The best chapters are those on the neoconservatives, the figures with whom Continetti most sympathizes. He explains their migration from left to right very well. They started out in some cases as social democrats or anti-Stalinist Marxists—in the ideological line of succession from Leon Trotsky—and in other cases as Cold War liberals and Democrats. What reoriented them was the radicalism of the New Left that arose in the 1960s and ’70s. As the left became violent, anti-American, and culturally revolutionary, these journalists, scholars, and policymakers moved right, or at least into the pages of right-leaning magazines.
The neoconservatives exemplified a liberal conservatism that was not libertarian conservatism. They gave only “two cheers for capitalism,” but not because they believed in some other historical or philosophical economic ideal. They accepted the New Deal welfare state and subscribed to the foreign policy of anti-communist liberals like Harry Truman. At their best, as in some of the essays of Irving Kristol, they displayed a Tocquevillian sensibility and a keen awareness of the discontents of modern life. The neoconservatives also contributed a new emphasis on social science, as exemplified in the pages of The Public Interest, a journal Kristol created.
Continetti covers well-known neoconservatives like the Cold War hawks Henry “Scoop” Jackson, a Democratic senator, and the political scientist Jeane Kirkpatrick. His book is particularly helpful, however, in noting the contributions of some lesser-known neoconservatives, such as Erwin Glikes, the Basic Books editor who shepherded to press Allan Bloom’s The Closing of the American Mind and Francis Fukuyama’s The End of History and the Last Man.
The same era that gave rise to the neoconservatives also saw the emergence of a populist “New Right,” as it was known at the time. Christian conservatives troubled by the New Left’s hostility to the family and religious institutions became more active in politics. The organizational mastermind Paul Weyrich, who also helped to establish the Heritage Foundation, urged Jerry Falwell to launch the Moral Majority (whose name Weyrich supplied). Also connected to the New Right, and in direct opposition to the neoconservatives, were a set of right-wing intellectuals who adopted the label “paleoconservatives” in the 1980s.
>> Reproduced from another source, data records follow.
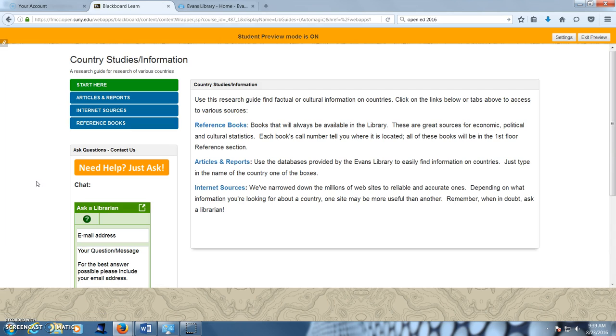In some cases, students will merely see the library's home pages. In other cases, as seen here, a specific research guide is present.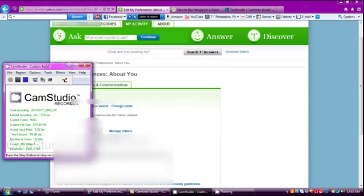So, there's my tutorial, and I hope it helps. Good luck.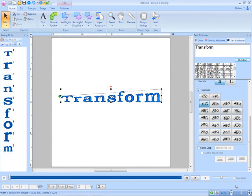By simply dragging the points surrounding the text, the shapes and sizes of the lettering can be modified.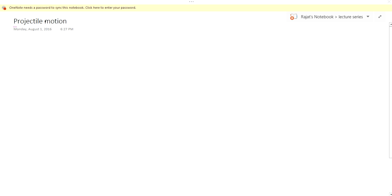Welcome again to the physics video lecture series. My name is Rajat Sharma, and today we will be studying projectile motion.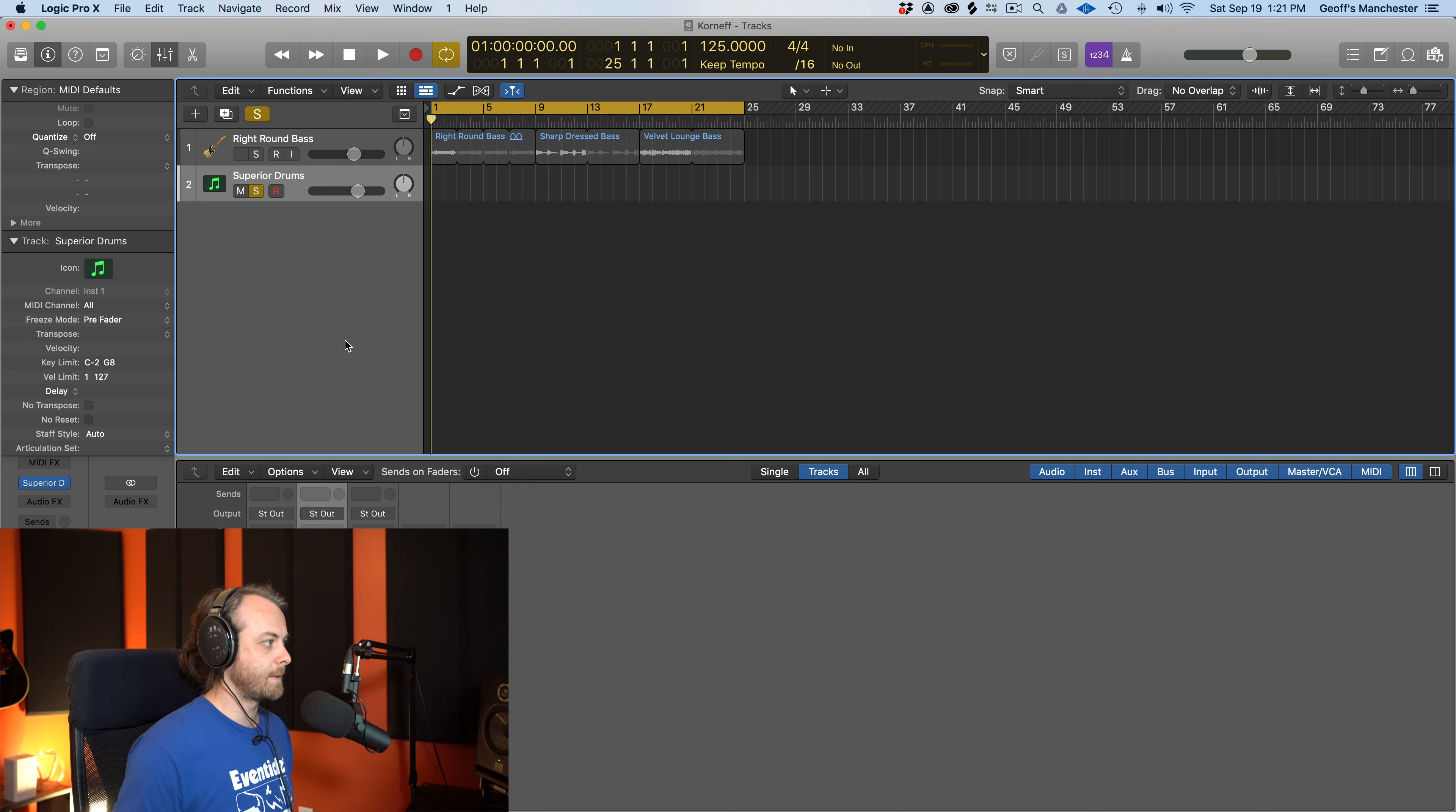I've set up a drum kit from Superior Drummer 3 by Toontrack, and I also have a pretty normal sounding bass to kind of round things out so we can try things on the drums and the bass. Let's start first with the talkback limiter, which is the one that I heard about the most.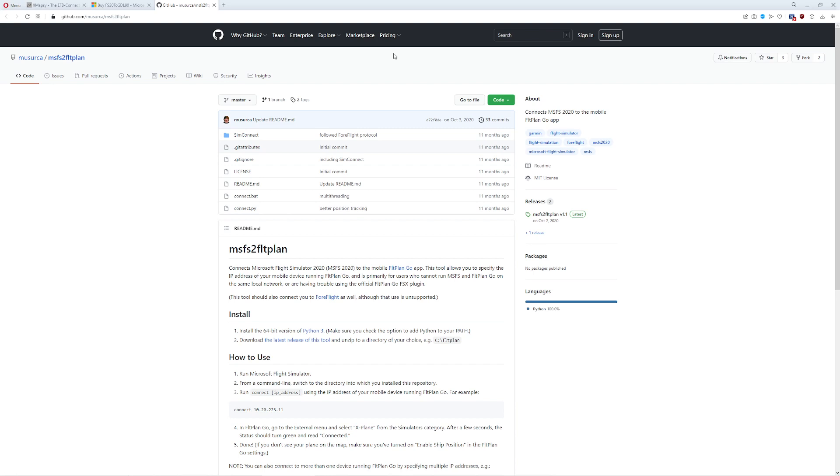Hello everyone, in today's video we're going to take a few moments to show you a couple different tools that you can use to connect Microsoft Flight Simulator 2020 to some sort of electronic flight bag that you have externally. For example, something that you have on a tablet or a phone, of course you can do both.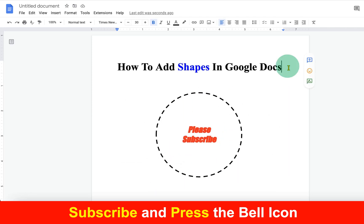Check out these useful videos shown on screen related to Google Docs. Subscribe and press the bell icon if this video solved your problem.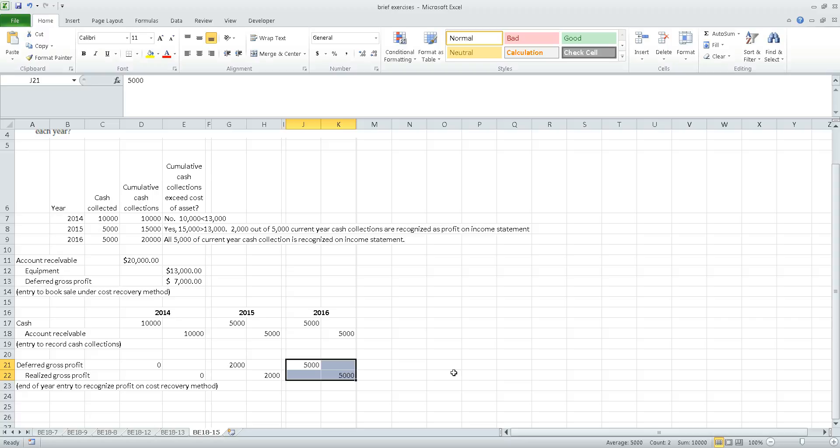That's the accounting under the cost recovery method. Both the cost recovery method and the installment sales method are used when there is uncertainty concerning collectability. If the uncertainty is very severe, we use the cost recovery method; if the uncertainty is less severe, we use the installment sales method.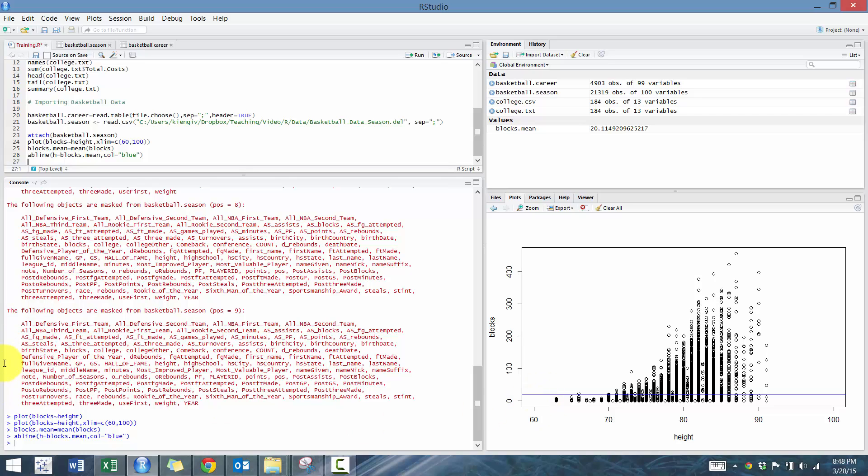Next thing we're going to do is calculate blocks.lm. We're going to make that equal to lm, which is linear regression. And we're going to go blocks tilde height.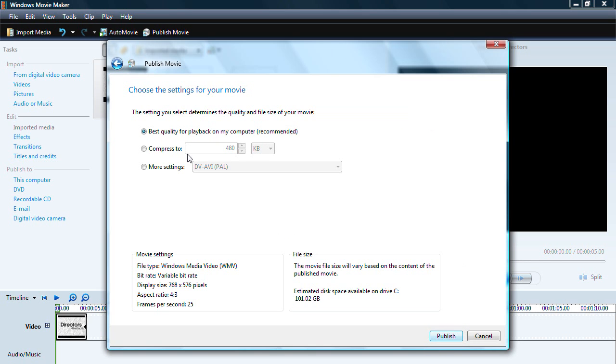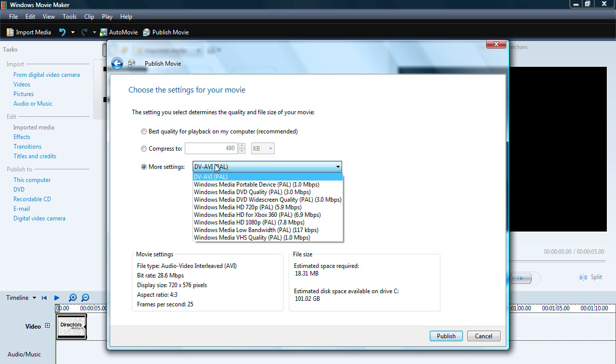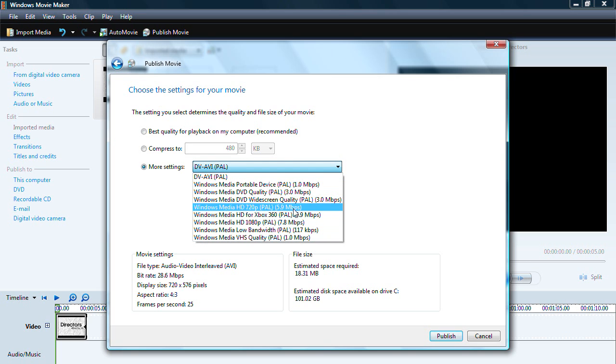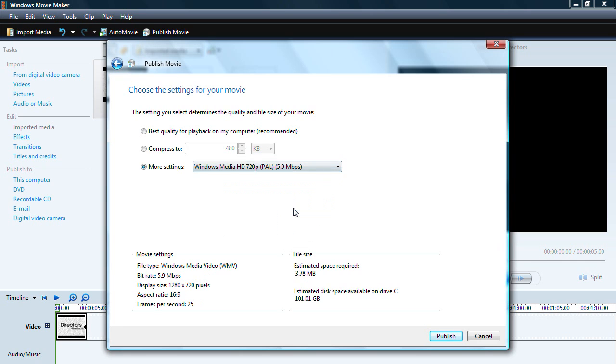Click next again and then click more settings. Click the drop down tab and click one of these settings. Windows Media HD 720p is what I use.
Continetti does not look very closely into the New Right, Christian conservatism, and paleoconservatism, however. He says nothing about how a cantankerous populist braintrust formed around Chronicles magazine beginning in the mid-1980s. Richard John Neuhaus features in Continetti’s narrative, but the story of how First Things was born from an acrimonious split between Neuhaus and the Rockford Institute (the publisher of Chronicles) does not make the cut. And Continetti pays little attention to debates among Christian conservatives in the years after the Reagan administration: There is no mention here of the “End of Democracy?” controversy in the pages of this journal during the Bill Clinton era, and the cultural impact of Rod Dreher’s “Benedict Option” likewise escapes his notice.
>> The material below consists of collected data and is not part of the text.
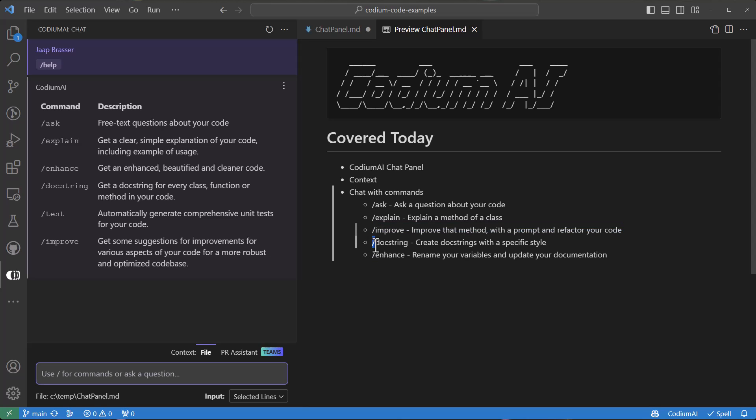Then we'll use the docstring command to write a docstring in a specific style and also refactor that into our code.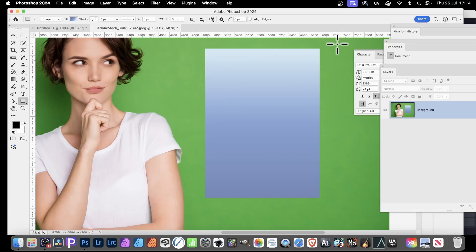Photoshop has always been updated and the latest release includes a new feature for the type, bullets and numbering. So how to use it?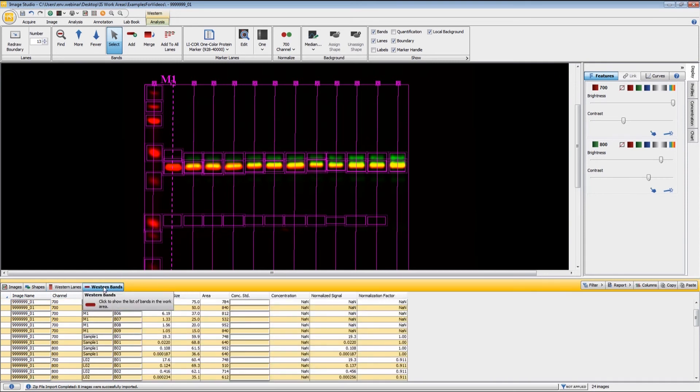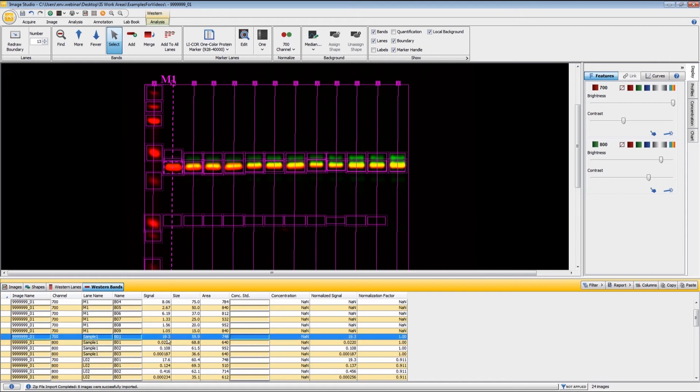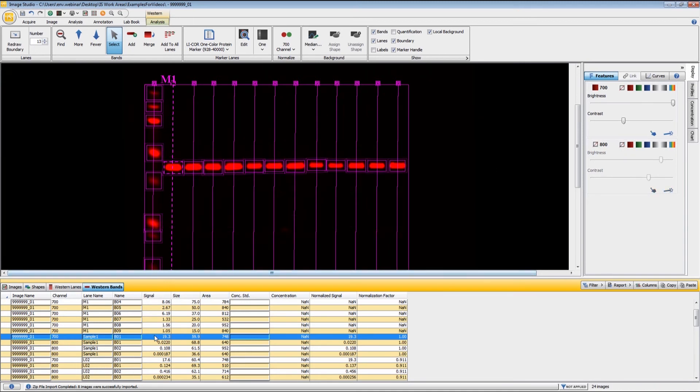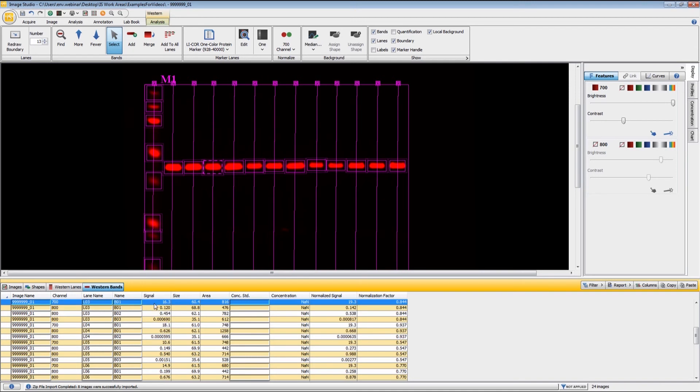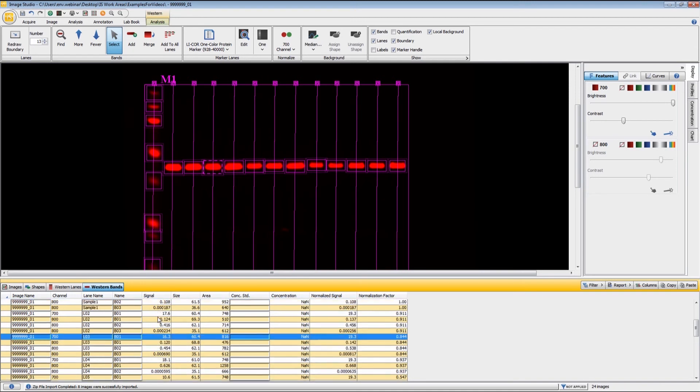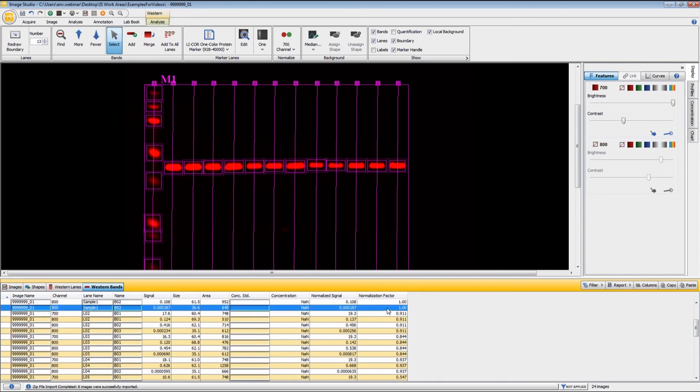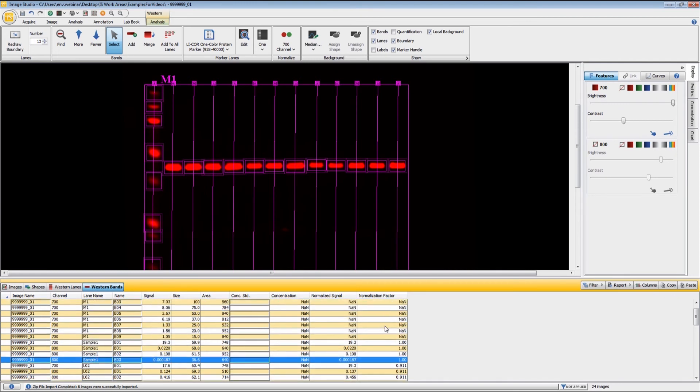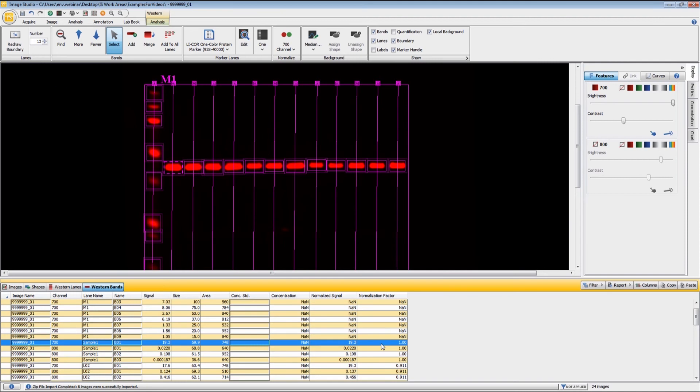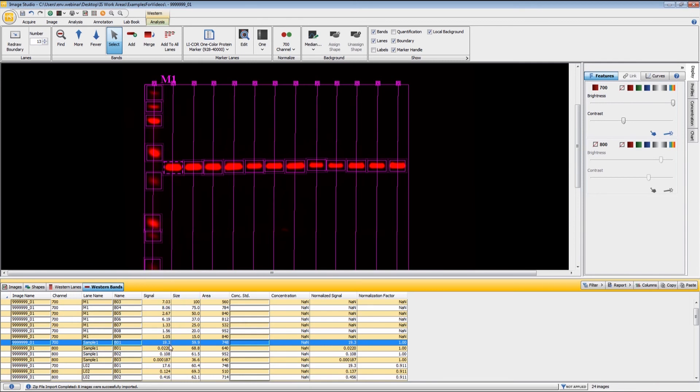In the bands table is where we get all of the data. Here, we get signal for this particular band. If I highlight that here, it changes the highlight up here. Or if I click on one of these, it changes the highlight down here. We have the signal, and we have the molecular weight. Out here to the side, we also have the normalized signal and the normalization factor. The way the software will do the normalization is it will find the band in your normalization channel that has the highest signal, which in this case is this band here just to the right of the molecular weight marker. That has a signal of 19.3.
But then, the latter part of Continetti’s book is much less focused on ideas and intellectuals than earlier chapters had been. After The Closing of the American Mind in 1987, few books offering a big-picture social analysis or serious political theory appear in The Right’s narrative. This is not a result of authorial bias. Something that Continetti shows well is how the right after Reagan turned into a movement of media figures and policy wonks. The great thinkers of earlier decades were superfluous to the reconstituted movement’s political and polemical needs.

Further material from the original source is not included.